# TASK TO COMPLETE
Nothing but the lines below from the one with "Black I Love" through the one with "Load image into" should be output, each exactly as given, and no pictures.
** Opening DATA EXTRACTS block **
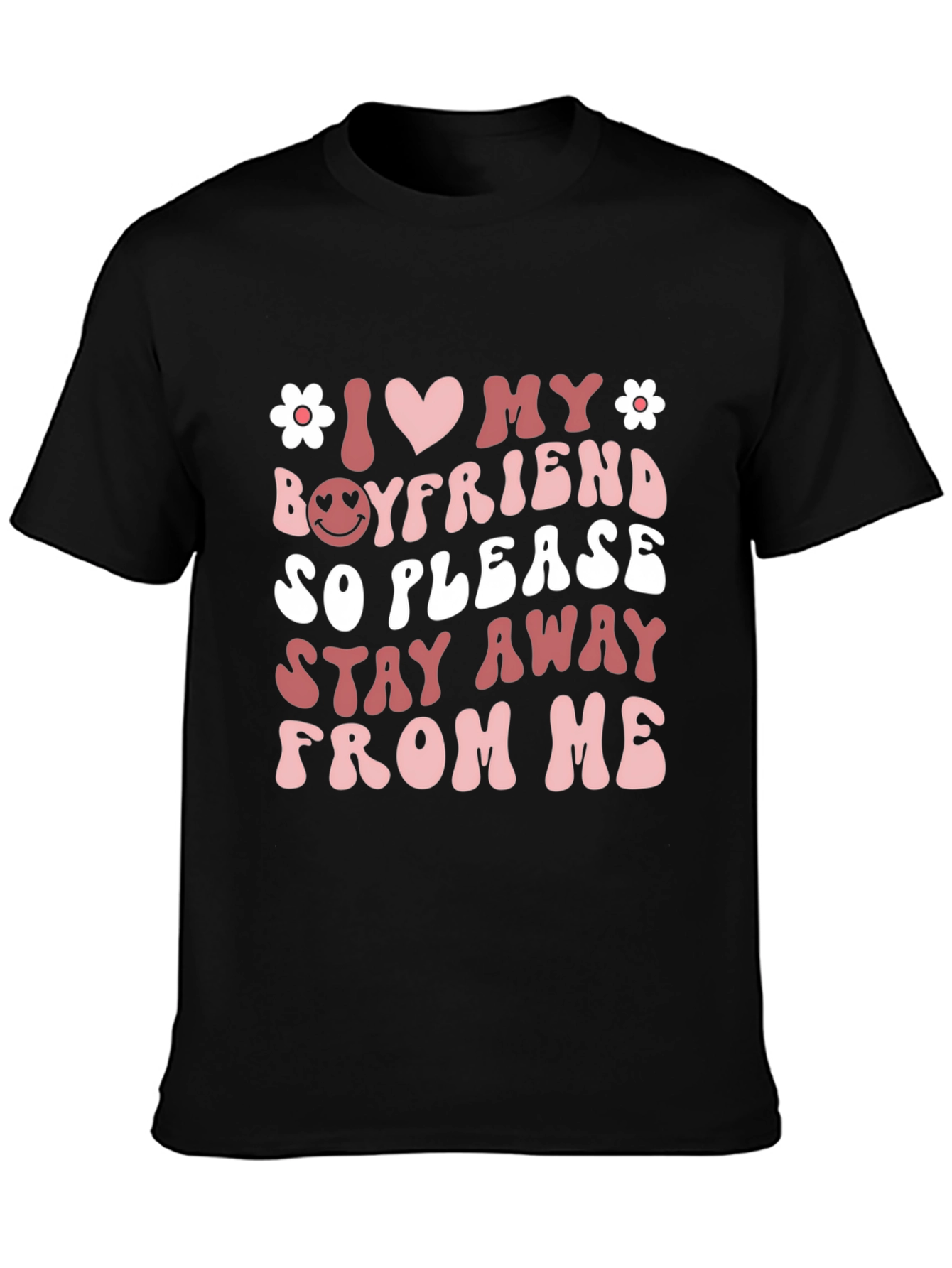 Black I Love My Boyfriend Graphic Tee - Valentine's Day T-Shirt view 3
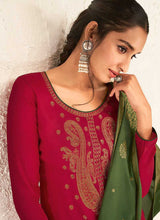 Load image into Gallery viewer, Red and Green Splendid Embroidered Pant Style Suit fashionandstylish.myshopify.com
** Closing DATA EXTRACTS block **
** Opening DATA EXTRACTS block **
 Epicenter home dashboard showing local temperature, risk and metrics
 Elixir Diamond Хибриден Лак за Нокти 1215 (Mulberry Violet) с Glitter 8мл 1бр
** Closing DATA EXTRACTS block **
# RESULT OF THE EXERCISE
 Black I Love My Boyfriend Graphic Tee - Valentine's Day T-Shirt view 3
 Load image into Gallery viewer, Red and Green Splendid Embroidered Pant Style Suit fashionandstylish.myshopify.com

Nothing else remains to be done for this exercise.